Can anyone put me in touch with the individual(s) responsible for initiating the building of a quilt containing all 350+ corp  crests? Here is an excerpt of what I read...

"Hey all,

A couple of my chiefs(and 1 PO1) decided they would make a quilt with every corps crest in canada on it. If you would be intrested in being a part of this, and could obtain us a corps crest, this would be greatly appreciated. The quilt will be donated to the Cornwallis Military Museum on base at HMCS Acadia. We expect awesome results. Please Try and spare 1 that you may have as a double, or can obtain from stores."

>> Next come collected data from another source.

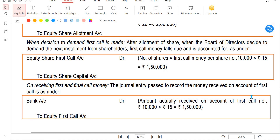Illustration 2 completed: Application has 2 entries, allotment has 2 entries, call has 2 entries - 6 entries total completed.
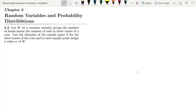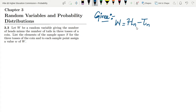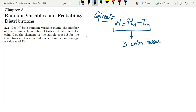Question 3.3 of chapter 3, which is related to random variables and probability distributions. The statement is: let W be a random variable giving the number of heads minus the number of tails in three tosses of a coin. So, in the given data we have a random variable W which is the number of heads (H) minus the number of tails (T) in three coin tosses.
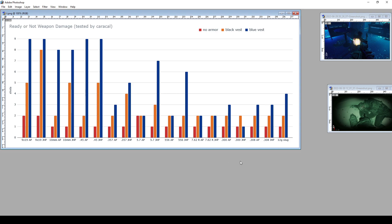Also I would like to mention damage scaling when shooting unprotected limbs. It's crazy weird. Like you can shoot 6 armor-piercing .357 rounds into a character's leg before he drops dead. And with shotgun slugs, it's about the same 6-7 shots.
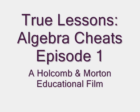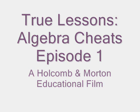True Lessons: Algebra Cheats Episode 1. A Holcomb and Morton Educational Film.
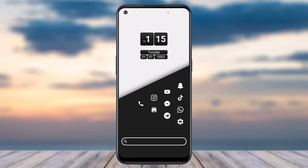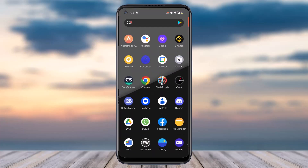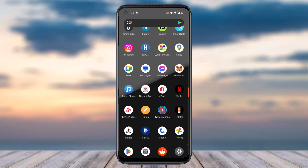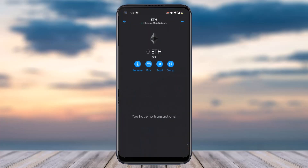How to transfer money from your MetaMask to your bank. Hey everyone, welcome back to another tutorial video. In today's video I'll show you how you can transfer money from your MetaMask to your bank. To do that, first of all open the MetaMask app on your mobile device and make sure you are logged into your account.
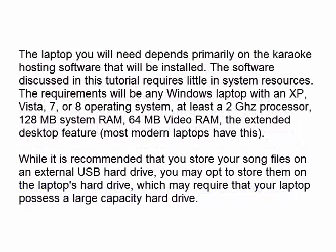The laptop you will need depends primarily on the karaoke hosting software that will be installed. The software discussed in this tutorial requires little in system resources. The requirements are any Windows laptop with XP, Vista, 7, or 8 operating system, at least a 2 GHz processor, 128 MB system RAM, 64 MB video RAM, and the extended desktop feature — most modern laptops have this.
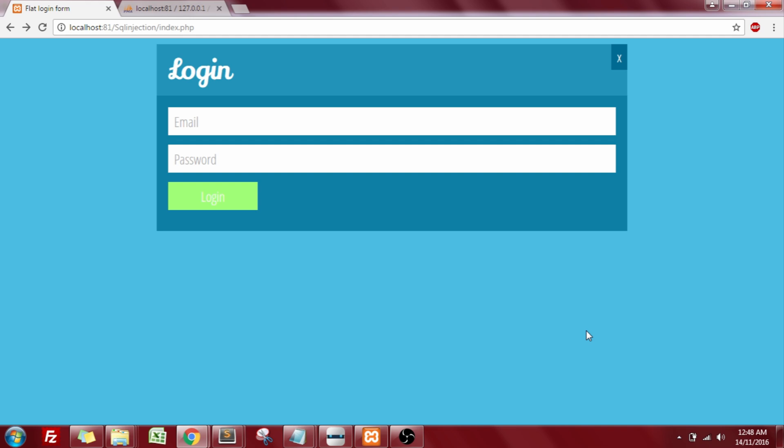Hey, what's up YouTubers, welcome back to Tech Talks. This video is going to be the continuation of the previous one, which was the SQL injection basics. In this video, I'm going to show you the demonstration of SQL injection.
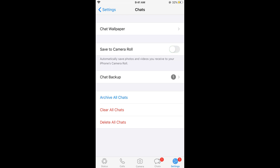Once you have turned it off, WhatsApp would stop downloading the videos as well as the photos automatically once you have received them on your iPhone on WhatsApp. Hope it has helped you in turning off or stopping WhatsApp from downloading photos and videos automatically.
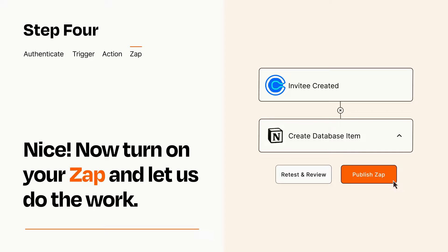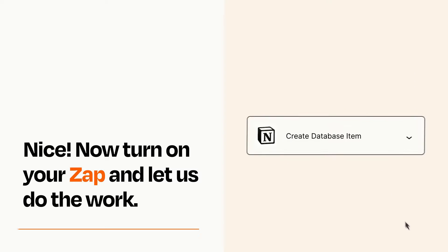Zapier can be as simple or as complex as you'd like and connects with thousands of apps, more than any other platform.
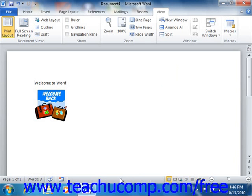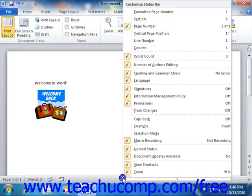Here you can see various statuses that are capable of being monitored within Word. You can choose which statuses you wish to show or hide in the status bar. You can see what statuses are currently shown or hidden by simply right-clicking your mouse anywhere in the status bar to view the customized status bar panel.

He is with 268 Bras D'or and it would seem to be called "The Corps Badge Quilt"...


----------



## Neill McKay (3 Feb 2009)

BinRat55 said:
			
		

> Can anyone put me in touch with the individual(s) responsible for initiating the building of a quilt containing all 350+ corp  crests? Here is an excerpt of what I read...
> 
> "Hey all,
> 
> ...



You can reach the CO of BRAS D'OR at 268sea@cadets.gc.ca.


----------



## BinRat55 (4 Feb 2009)

Danke!


----------



## Neill McKay (11 Feb 2009)

BinRat55 said:
			
		

> Danke!



Bitte.


----------